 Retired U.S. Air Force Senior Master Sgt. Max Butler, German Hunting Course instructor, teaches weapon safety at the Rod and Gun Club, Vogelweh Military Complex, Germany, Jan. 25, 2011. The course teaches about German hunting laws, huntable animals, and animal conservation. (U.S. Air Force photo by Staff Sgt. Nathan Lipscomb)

==

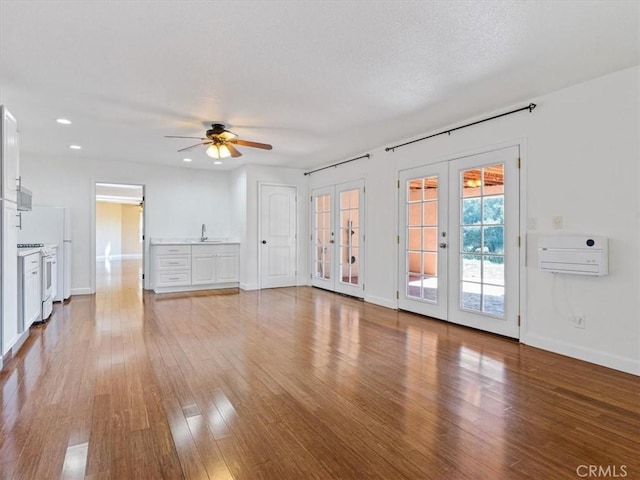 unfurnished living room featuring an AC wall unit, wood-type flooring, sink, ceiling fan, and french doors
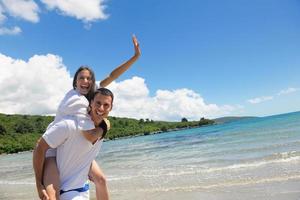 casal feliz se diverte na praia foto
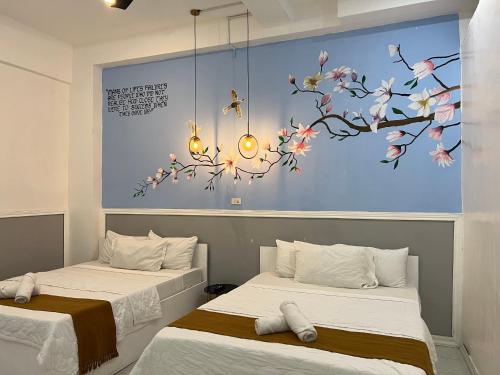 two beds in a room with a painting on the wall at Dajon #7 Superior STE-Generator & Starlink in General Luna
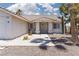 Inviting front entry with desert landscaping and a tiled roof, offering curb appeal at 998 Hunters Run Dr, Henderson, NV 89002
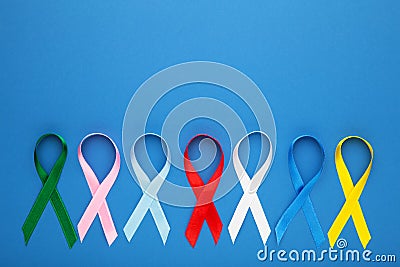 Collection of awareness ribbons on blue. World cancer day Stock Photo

* [Brief]
The material above holds pictures; leave them out and set down exactly the lines from the line with "Inviting front entry" to the line with "Collection of awareness", both included.

* [Solution]
 Inviting front entry with desert landscaping and a tiled roof, offering curb appeal at 998 Hunters Run Dr, Henderson, NV 89002
 Collection of awareness ribbons on blue. World cancer day Stock Photo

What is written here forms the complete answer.